From the facts above related it appears proven that the child
Primitiva, 11 or 12 years of age, was forcibly raped by a man of middle
age, full of vigor, in the midst of a woods, resulting in injury of
some seriousness to her genital organs, with abundant hemorrhage, which
compelled her to stay in bed for two weeks under medical treatment.

Article 438 of the Penal Code, among other things, says the following:

“Rape is committed by lying with a woman in any of the following
cases: If force or intimidation shall be used; if she is under 12 years
of age.”

The certificate of baptism of the girl is absent from the record,
but it appears, however from expert examination that the injured child
was, at the date the crime was committed, about 11 or 12 years old.
This age appears to some extent confirmed by the material and physical
results produced on her by the crime; and even if the injured party
should be considered more than 12 years of age (and, by the way, no
reason appears for this supposition), it is by no means fully proven
that the aggressor laid down with said girl without making use of
violence and of his superior physical strength, which, no doubt, was
superior to that of the force which his victim might have employed.

It is a doctrine well established by the courts that in order to
consider the existence of the crime of rape it is not necessary that
the force employed in accomplishing it be so great or of such character
as could not be resisted; it is only necessary that the force used by
the guilty party be sufficient to consummate the purpose which he had
in view. (Judgment Kay 14,1878, supreme court of Spain.) A simple
reading of the medical certificate and the testimony of the physician
who examined and attended the outraged girl fixes the measure of the
character and class of force used by the defendant in the act of rape.
It is undeniable that the defendant, Feliciano Villarosa, is guilty as
the only principal by direct participation in the said crime.
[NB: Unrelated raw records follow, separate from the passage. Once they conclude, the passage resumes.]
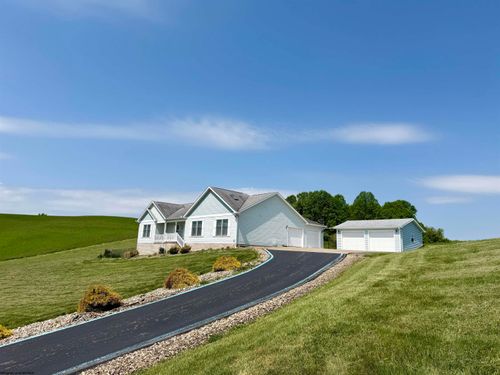 309 Sunrise Ridge Drive, Reedsville, WV, 26547 | Card Image
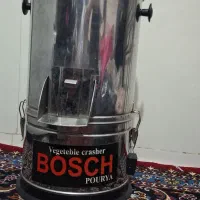 سبزی خورد کن Bosch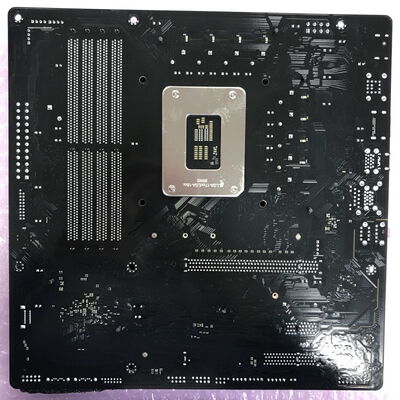 【なんば店】中古  ASRock B760M PG Lightning/D4(B760 1700 mATX DDR4) 3280020638 
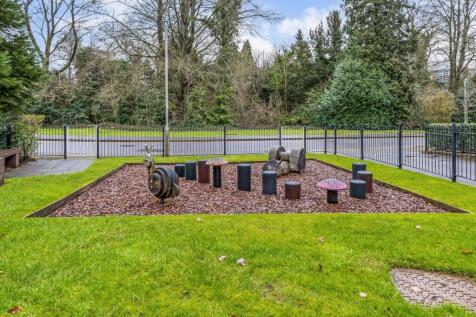 Play area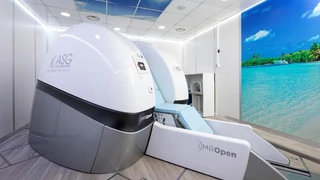 RSNA Medizintechnik MRT KI Künstliche Intelligenz Radiologie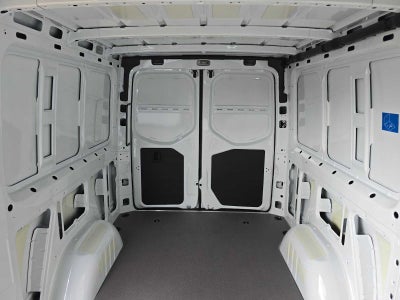 2026 Mercedes-Benz Sprinter 2500 Standard Roof I4 Diesel 144 RWD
The allegations of the defense and the testimony of its witnesses
can not prevail against the allegations and merits of the prosecution’s
case. The former do not exclude the certainty of the prosecution’s
allegations nor is the alibi which the defense attempted to set up justified.

In the commission of the crime there is no extenuating circumstance
to be taken into consideration. There does exist the aggravating
circumstance provided for in paragraph 15 of article 10 of the Penal
Code, the crime having been committed in an uninhabited place, for
which reason the defendant has incurred the maximum penalty.

In view, therefore, of the reasons above stated, and of those set
forth in the judgment appealed from, we are of the opinion that the
same should be confirmed, with the costs in this instance to the

This case to be returned to the court of its origin with a certified
copy of this decision and of the judgment which shall be rendered in
accordance herewith. So ordered.

Arellano, C J., Mapa, Johnson, and Carson, JJ., concur.